[Saved data entries]
# # # # #

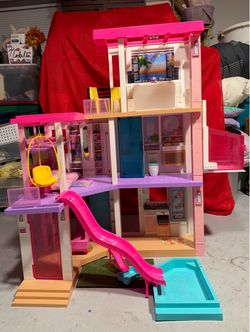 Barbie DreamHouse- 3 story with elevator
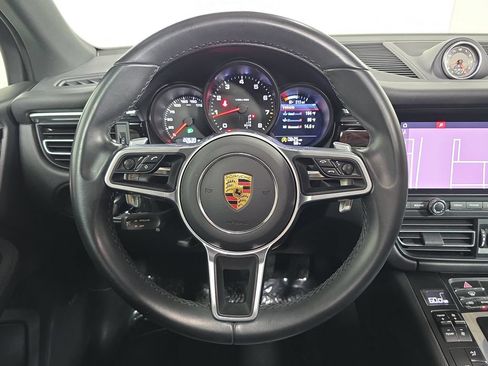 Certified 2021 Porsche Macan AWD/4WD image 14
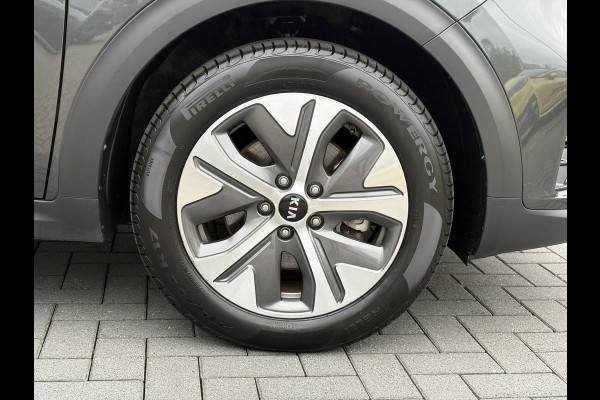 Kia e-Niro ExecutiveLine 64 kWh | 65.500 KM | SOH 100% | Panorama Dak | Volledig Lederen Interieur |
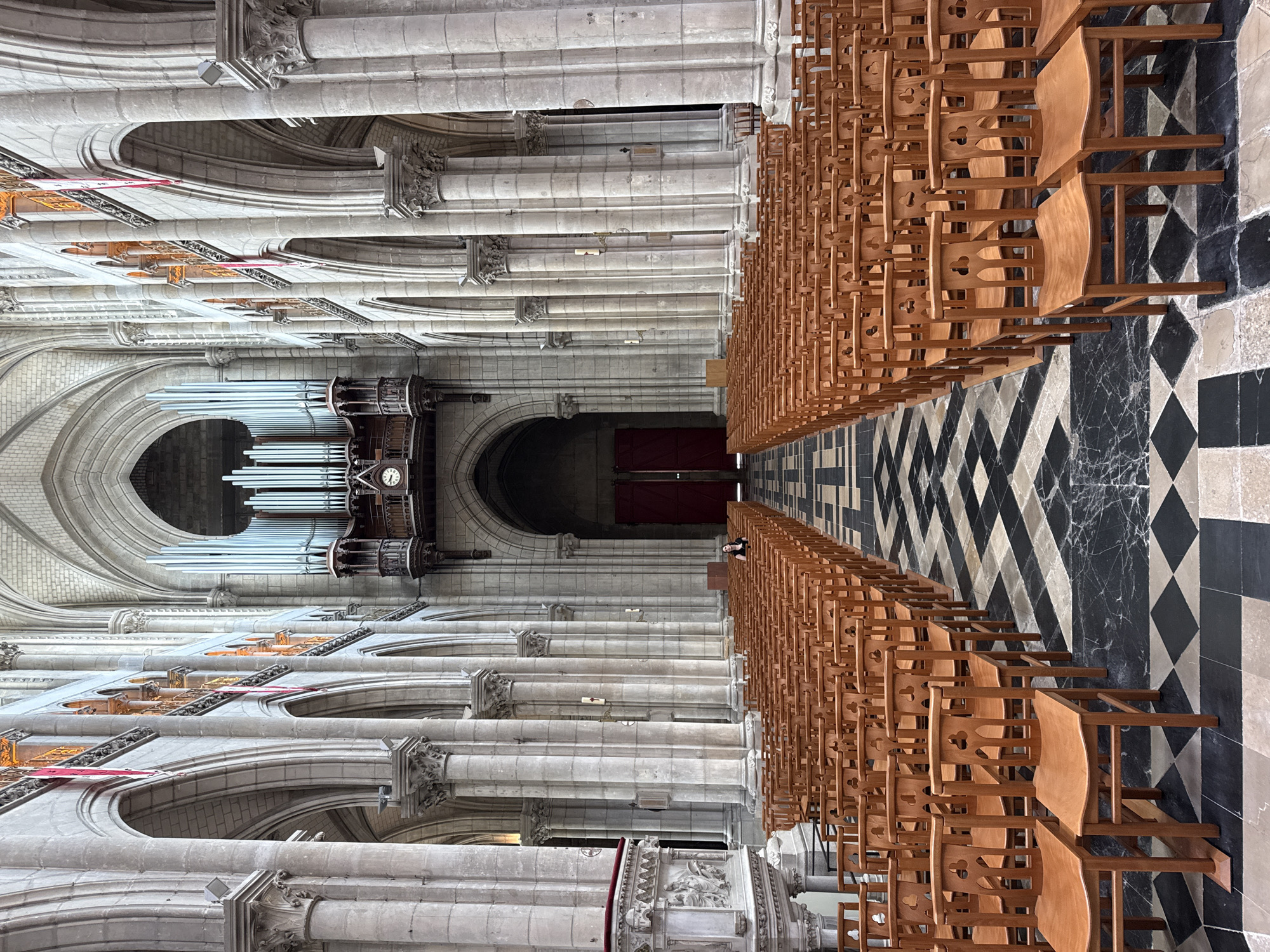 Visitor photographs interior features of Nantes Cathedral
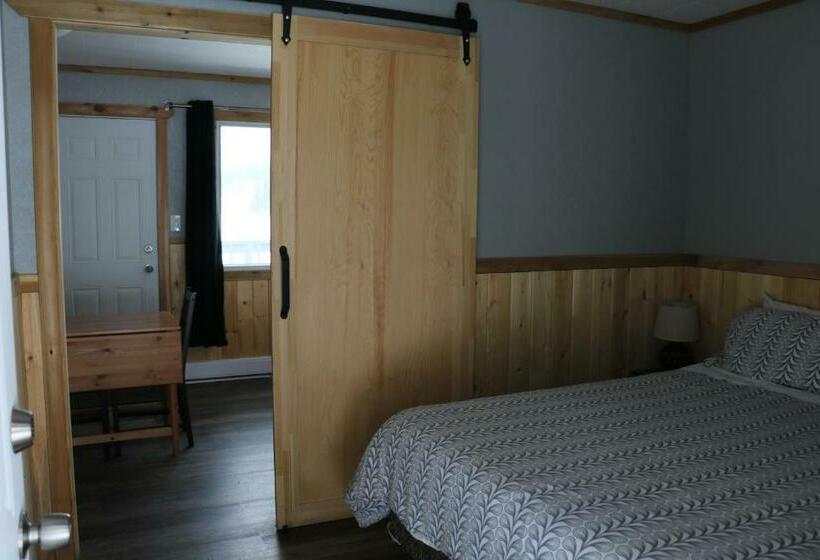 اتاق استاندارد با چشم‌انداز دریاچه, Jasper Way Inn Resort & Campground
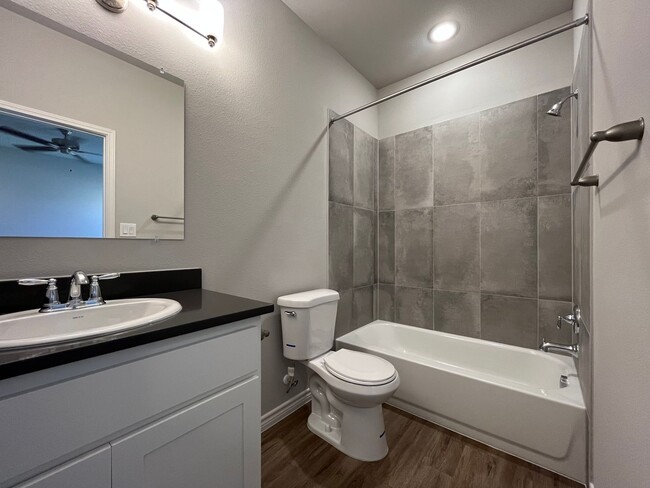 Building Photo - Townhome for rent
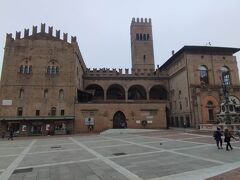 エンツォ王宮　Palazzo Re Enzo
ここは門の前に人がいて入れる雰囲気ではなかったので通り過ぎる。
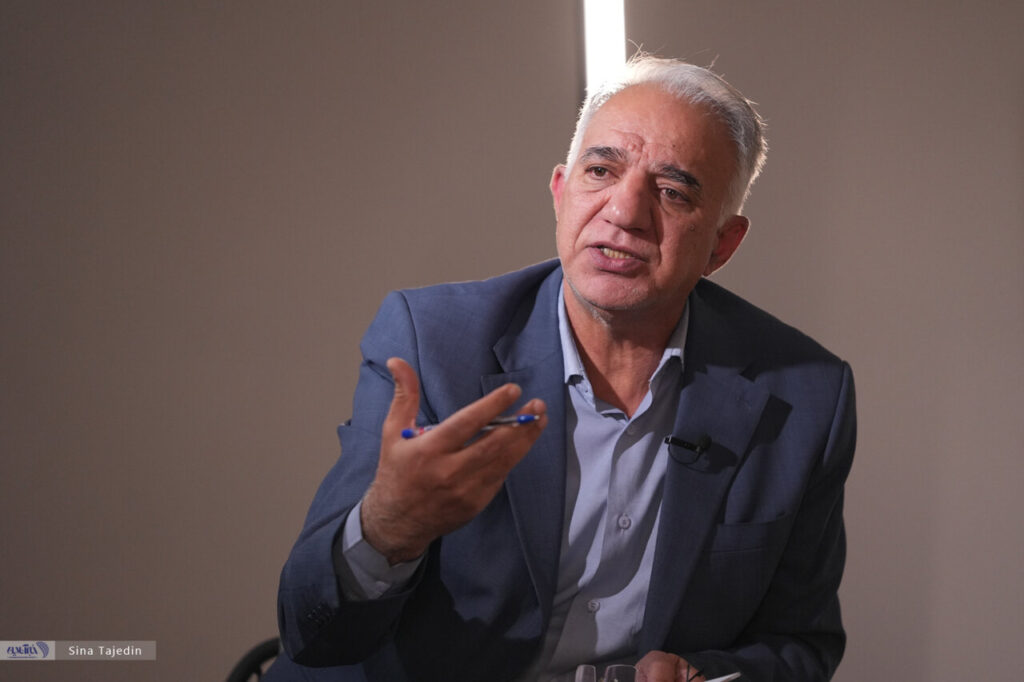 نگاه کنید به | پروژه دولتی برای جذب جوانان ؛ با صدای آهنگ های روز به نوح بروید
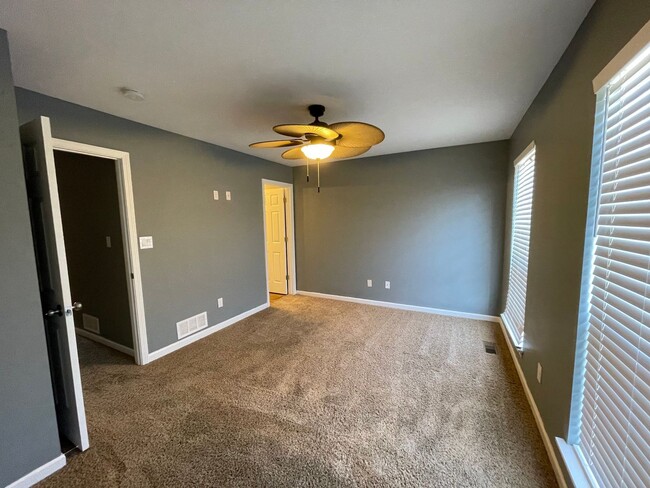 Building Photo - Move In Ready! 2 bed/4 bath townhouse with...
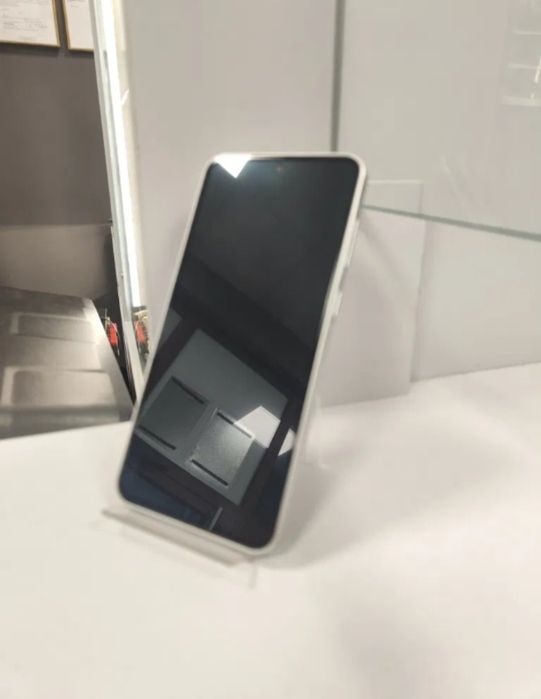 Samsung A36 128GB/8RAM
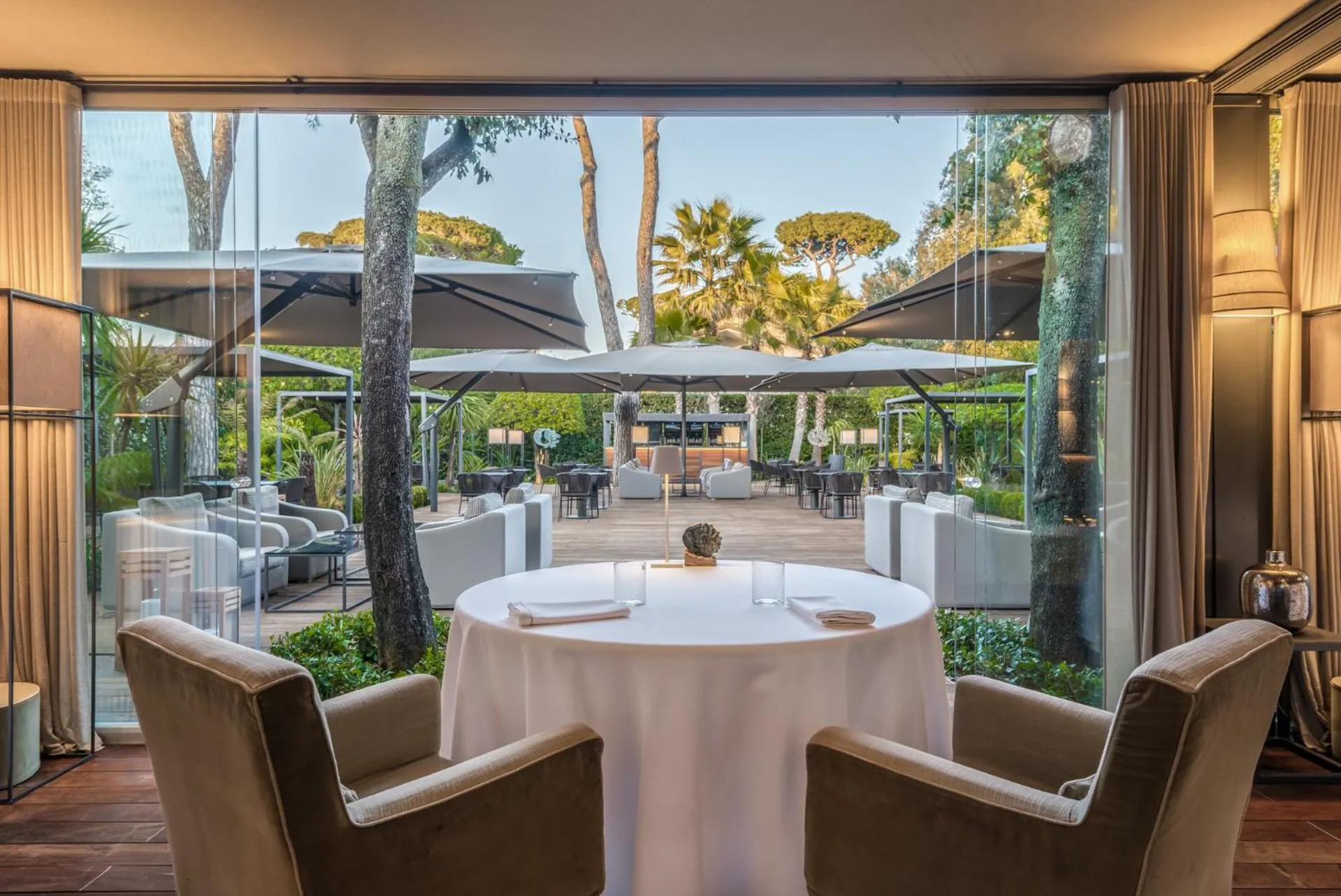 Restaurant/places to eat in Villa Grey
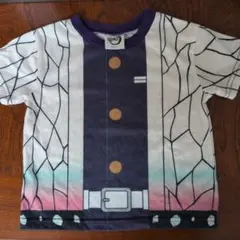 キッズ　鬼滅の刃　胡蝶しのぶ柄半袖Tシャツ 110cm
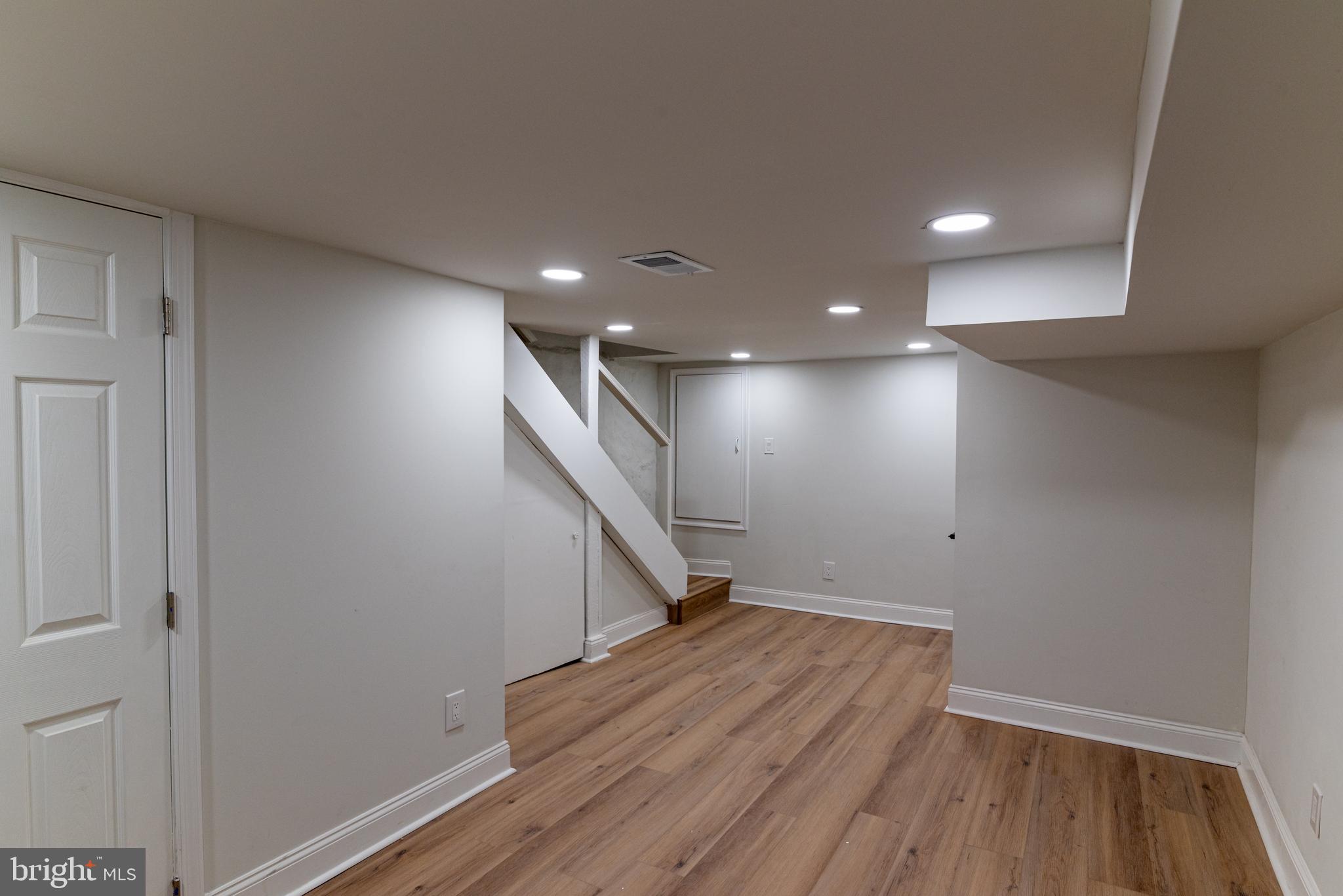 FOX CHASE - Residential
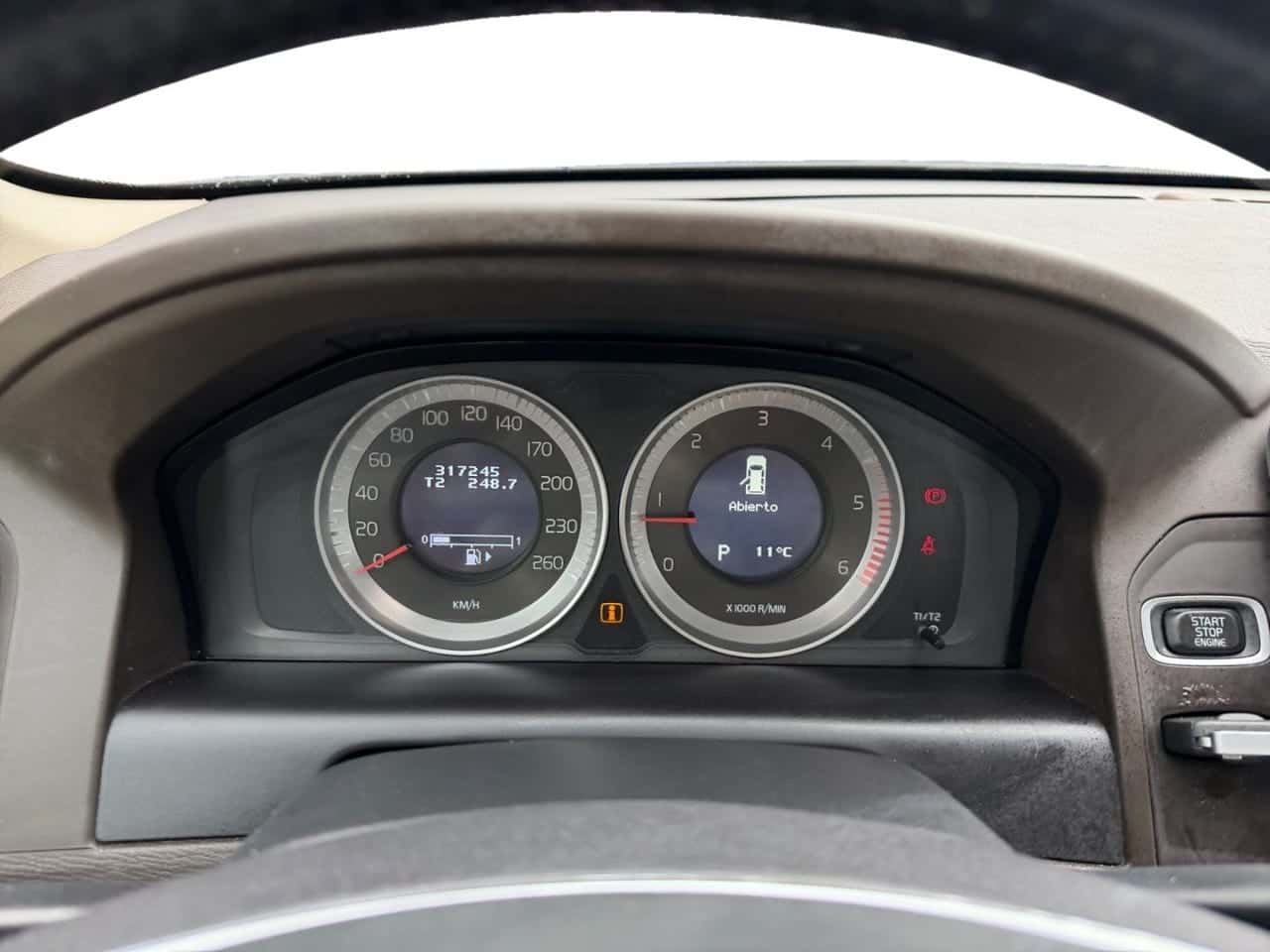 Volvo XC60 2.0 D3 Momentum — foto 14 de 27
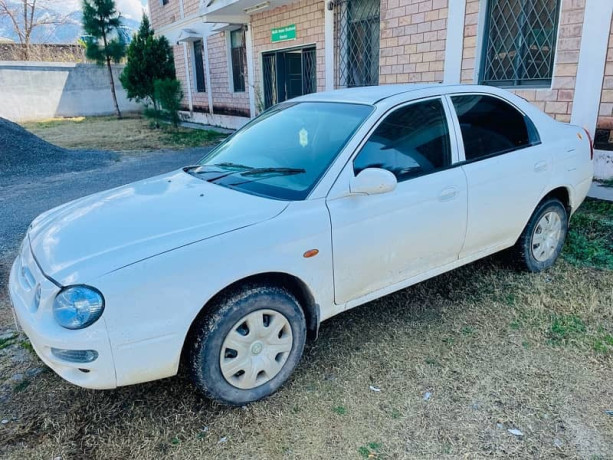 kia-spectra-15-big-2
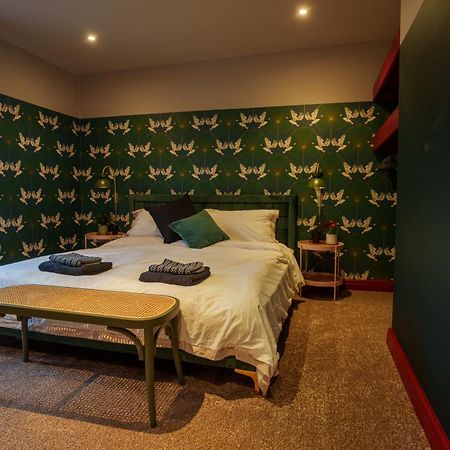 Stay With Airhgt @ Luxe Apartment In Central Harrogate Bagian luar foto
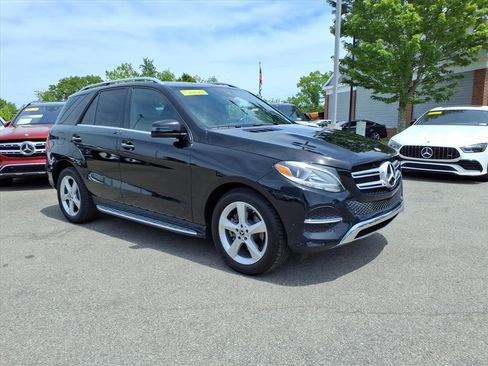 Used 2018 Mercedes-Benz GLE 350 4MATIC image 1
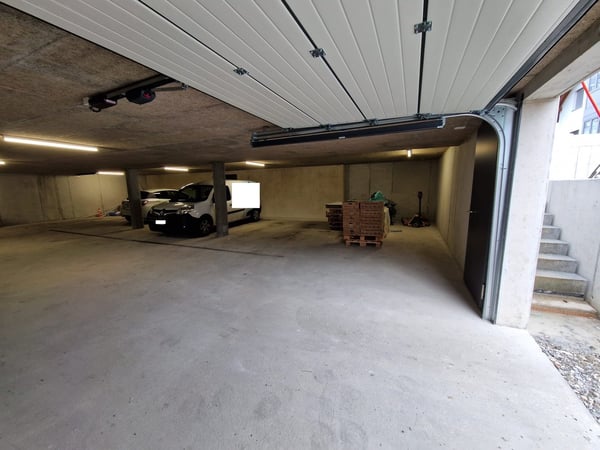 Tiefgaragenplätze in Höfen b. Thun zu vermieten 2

# # # # #

▸ Assignment
In the records above, find the line containing "Kia e-Niro ExecutiveLine" and the line containing "キッズ　鬼滅の刃　胡蝶しのぶ柄半袖Tシャツ 110cm", then give both of them again word for word along with every line between. Omit any pictures.

▸ Answer section
 Kia e-Niro ExecutiveLine 64 kWh | 65.500 KM | SOH 100% | Panorama Dak | Volledig Lederen Interieur |
 Visitor photographs interior features of Nantes Cathedral
 اتاق استاندارد با چشم‌انداز دریاچه, Jasper Way Inn Resort & Campground
 Building Photo - Townhome for rent
 エンツォ王宮　Palazzo Re Enzo
ここは門の前に人がいて入れる雰囲気ではなかったので通り過ぎる。
 نگاه کنید به | پروژه دولتی برای جذب جوانان ؛ با صدای آهنگ های روز به نوح بروید
 Building Photo - Move In Ready! 2 bed/4 bath townhouse with...
 Samsung A36 128GB/8RAM
 Restaurant/places to eat in Villa Grey
 キッズ　鬼滅の刃　胡蝶しのぶ柄半袖Tシャツ 110cm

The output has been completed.